Randy Abrams did a very interesting paper on heuristics. It was unique in the sense that he described a highly technical subject matter in a very easy to understand manner, as the WebSense folks mentioned,.. ".. moved the audience deeply."

It's quite funny to find that oftentimes, i have to go to a conference overseas to meet up with someone else in the company.

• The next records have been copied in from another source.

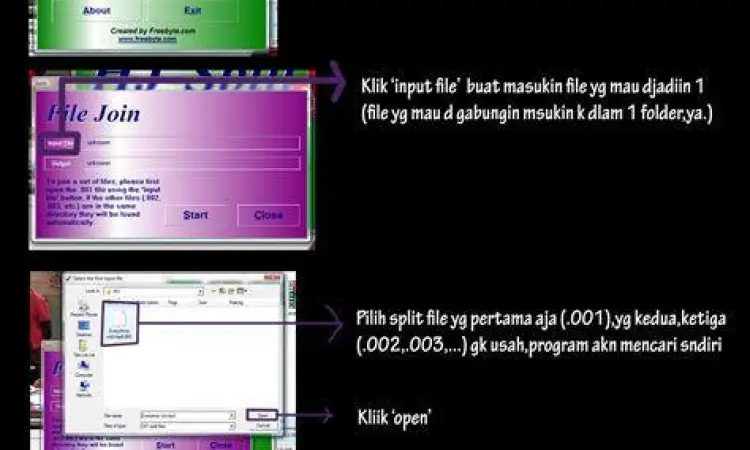 Langkah menggabungkan file dengan HJ-Split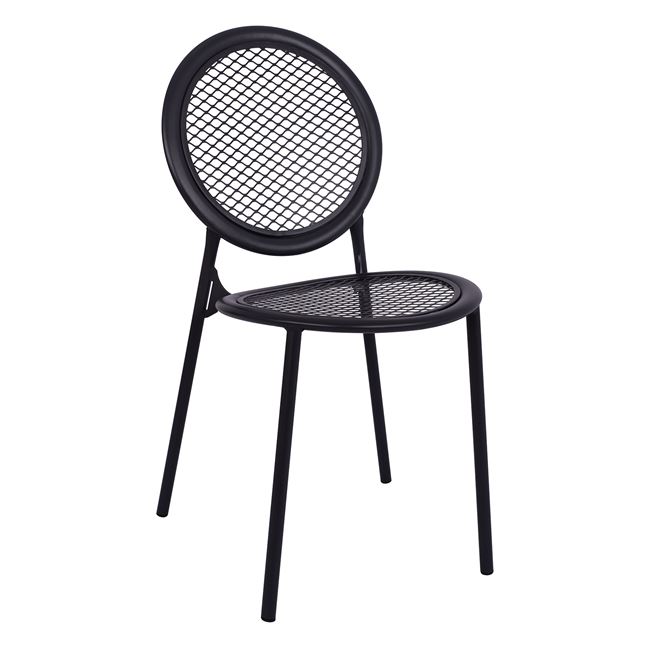 Καρέκλα «VERANDA» μεταλλική σε γκρι χρώμα 42,5x55x89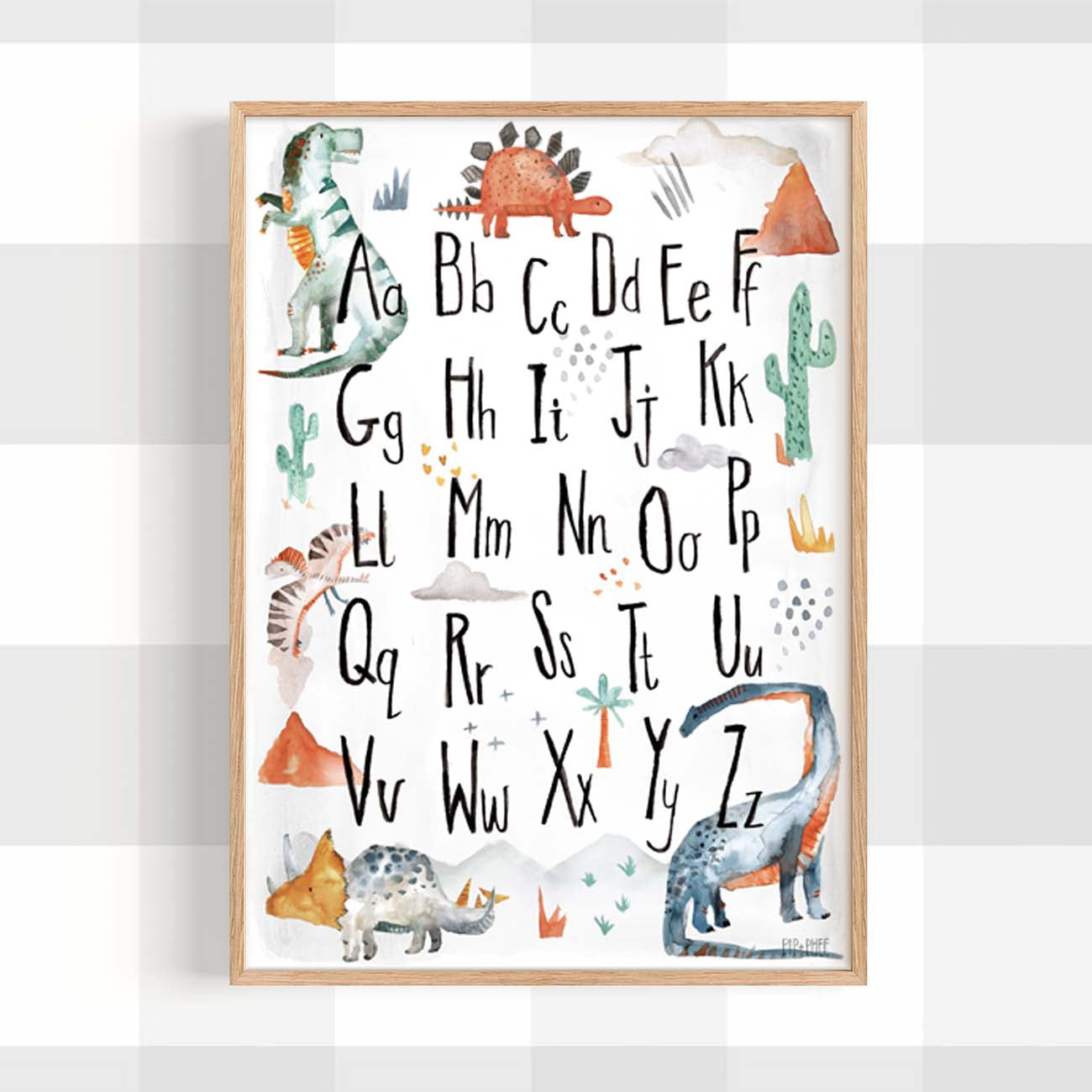 Pip+Phee Dinosaur Alphabet Watercolour Art Print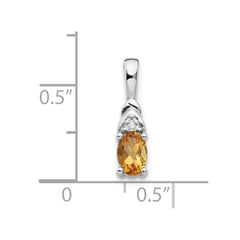 14k White Gold Citrine and Diamond Pendant - 4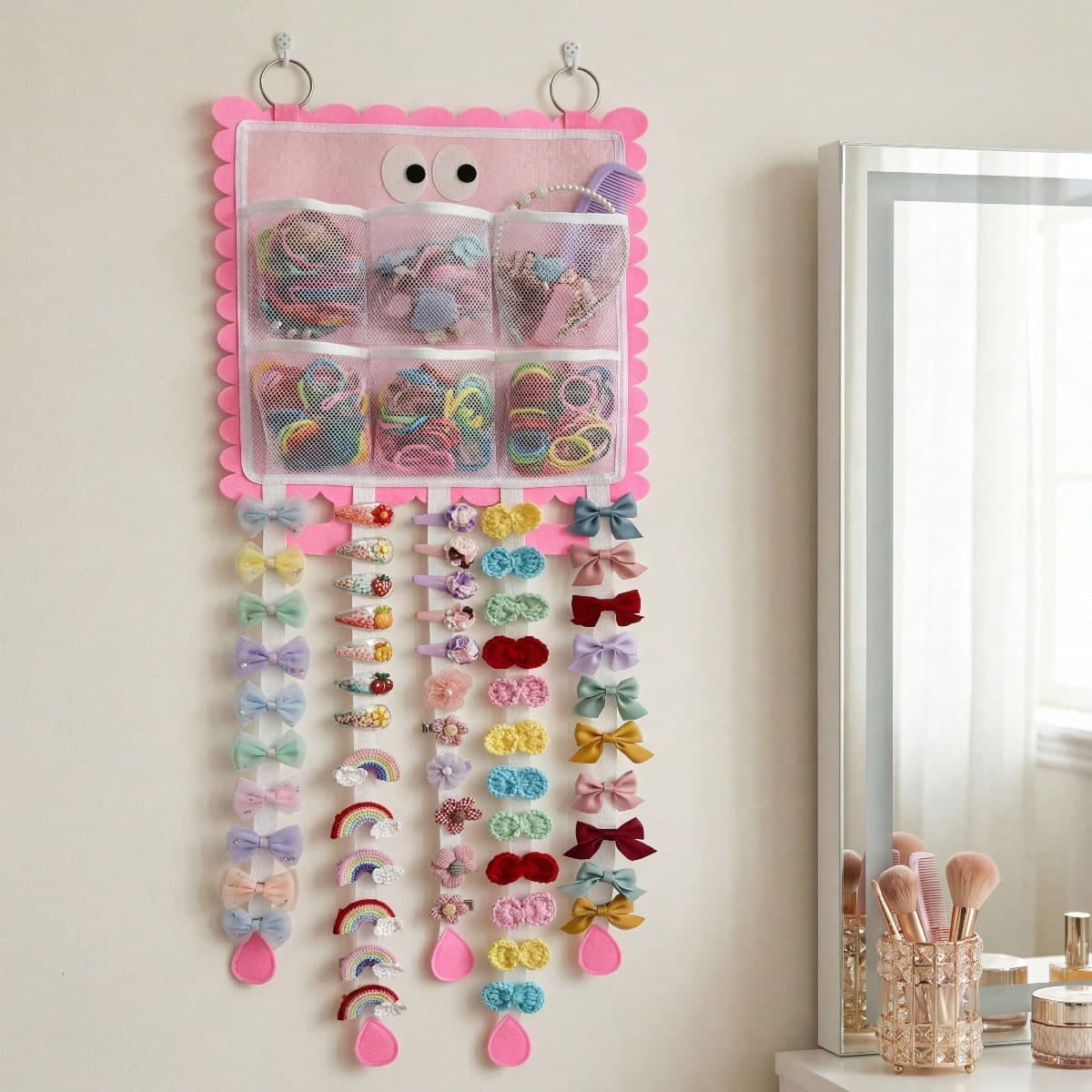 1pc Hair Accessory Organizer Rack, Suitable For Girls, Can Hang And Store Hair Clips, Baby Headbands, Can Be Hung On Wall, Decorate Baby Room, Kids Room, Girls Room, Can Be Hung On Wall, Door Or Wardrobe, Ideal Gift For Baby Birthday And Newborn (Only Selling The Organizer Bag, Hair Accessories Not Included)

I finally got a chance to meet up face-to-face with Dan, who's a great guy to be with, and Jaime, who is a fellow Singaporean that moved to Redmond, instead of just shooting each other emails.

Of course, meeting up with members from the various AV companies, and my company's other colleagues, and having a great time doing such discussions make any conference fun, and make the 20+ hour travel a lot more easier to handle.

The post-conference tour was unique in the sense that we got to visit the DMZ. The most memorable thing on that tour was something that was totally unscheduled. It was a group of guys in the thirties-to-fifties, in a volleyball-like court, playing something that's quite similar to Asia's Sepak Takraw, but with a soccer ball. The energy and excitement these folks had in their games totally impressed the tour attendees, who were mostly tired from walking down a path that probably was designed for hobbits rather than typical humans nowadays.

I thank the AhnLab folks that organized this year's conference for being able to provide such a great conference!